Chords within a key can be numbered to more easily understand the functional harmony of a song and to also aid in memorising chord progressions.
In the early stages of playing we often we see songs as just long streams of unrelated chords but it’s important to know that the same chord patterns appear time and time again. Learning these patterns by number can help recognise sequences in any key and also give you a better understanding of they all relate to each other.
This Lesson is a preview of the Bassic Fundamentals Course
Numbering The Major Scale
We can assign a number to each degree of the major scale by starting from the root and working up.
C D E F G A B C
1 2 3 4 5 6 7 8
We can then build a chord off of each degree and add the chordal quality.
Chord I – Major
Chord II – Minor
Chord III – Minor
Chord IV – Major
Chord V – Major
Chord VI – Minor
Chord VII – Diminished
In the key of C major the chords would look like this:
Chord I – C Major
Chord II – D Minor
Chord III – E Minor
Chord IV – F Major
Chord V – G Major
Chord VI – A Minor
Chord VII – B Diminished
Memorising this is easier if you remember that chords I, IV and V are major. All the rest are minor except for VII which is diminished.
This sequence of chords is exactly the same in every key.
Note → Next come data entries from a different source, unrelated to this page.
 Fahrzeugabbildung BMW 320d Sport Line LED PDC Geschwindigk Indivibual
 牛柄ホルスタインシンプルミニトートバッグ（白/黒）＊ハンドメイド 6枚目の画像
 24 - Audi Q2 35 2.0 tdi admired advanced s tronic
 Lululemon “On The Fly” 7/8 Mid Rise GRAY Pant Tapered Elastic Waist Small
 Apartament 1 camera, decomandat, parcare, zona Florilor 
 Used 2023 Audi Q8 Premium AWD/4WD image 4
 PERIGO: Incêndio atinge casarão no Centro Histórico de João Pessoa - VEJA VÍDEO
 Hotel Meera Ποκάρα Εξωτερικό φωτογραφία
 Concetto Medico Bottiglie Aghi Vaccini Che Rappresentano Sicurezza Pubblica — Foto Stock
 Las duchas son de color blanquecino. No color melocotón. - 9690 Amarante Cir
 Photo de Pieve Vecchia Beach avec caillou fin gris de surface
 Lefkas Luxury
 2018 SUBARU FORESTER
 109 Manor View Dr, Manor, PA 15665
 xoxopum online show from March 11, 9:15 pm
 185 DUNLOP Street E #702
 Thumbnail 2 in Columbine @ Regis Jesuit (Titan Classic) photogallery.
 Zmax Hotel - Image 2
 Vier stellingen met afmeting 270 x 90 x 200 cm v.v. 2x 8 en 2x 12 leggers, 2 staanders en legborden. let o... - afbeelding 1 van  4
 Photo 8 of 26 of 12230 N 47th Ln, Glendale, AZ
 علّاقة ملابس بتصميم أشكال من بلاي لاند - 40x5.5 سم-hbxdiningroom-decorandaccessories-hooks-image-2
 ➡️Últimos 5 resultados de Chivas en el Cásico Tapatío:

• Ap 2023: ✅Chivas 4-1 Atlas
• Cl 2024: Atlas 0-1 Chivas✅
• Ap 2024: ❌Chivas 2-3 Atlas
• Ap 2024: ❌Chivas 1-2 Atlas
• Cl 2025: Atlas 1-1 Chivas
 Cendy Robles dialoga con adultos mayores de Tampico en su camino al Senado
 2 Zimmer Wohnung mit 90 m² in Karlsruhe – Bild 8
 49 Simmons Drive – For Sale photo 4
Here’s G major for example:
Chord I – G Major
Chord II – A Minor
Chord III – B Minor
Chord IV – C Major
Chord V – D Major
Chord VI – E Minor
Chord VII – F# Diminished
Chord Progressions By Number
Now we’ve numbered every chord in a key, we can begin to refer to chord sequences in the same way. Take this progression for example:
C Major | A minor | D minor | G Major
We know that we are in the key of C Major, so the first chord must be chord I. Then we can simply count up the scale to find out what the other chords are.
C | Am | Dm | G
I | vi | ii | V
Now we know the sequence, we can transpose the chords into any other key. Here is the sequence in G:
G | Em | Am | D
I | vi | ii | V
Every chord in a key has its own sound and transposing chord sequences will help you hear how each chord relates to its scale.
Chord numbers are often represented by their roman counterparts.
1 – I
2 – ii
3 – iii
4 – IV
5 – V
6 – vi
7 – vii
Capitalised numbers represent major chords.
Lowercase numbers represent minor chords.
Recognising Common Chord Sequences
Chords I, IV and V are what we call primary chords. They are used in thousands of songs so it is really important to know what they sound like so you can recognise them by ear.
As an exercise, create your own short sequence using chords I, IV and V in C. Play through this sequence a few times and then try transposing it to a new key. You will hear how the sequence sounds the same despite using different notes. To take this exercise further, use other chords in the key such as ii and vi so you can hear how they are used alongside the others.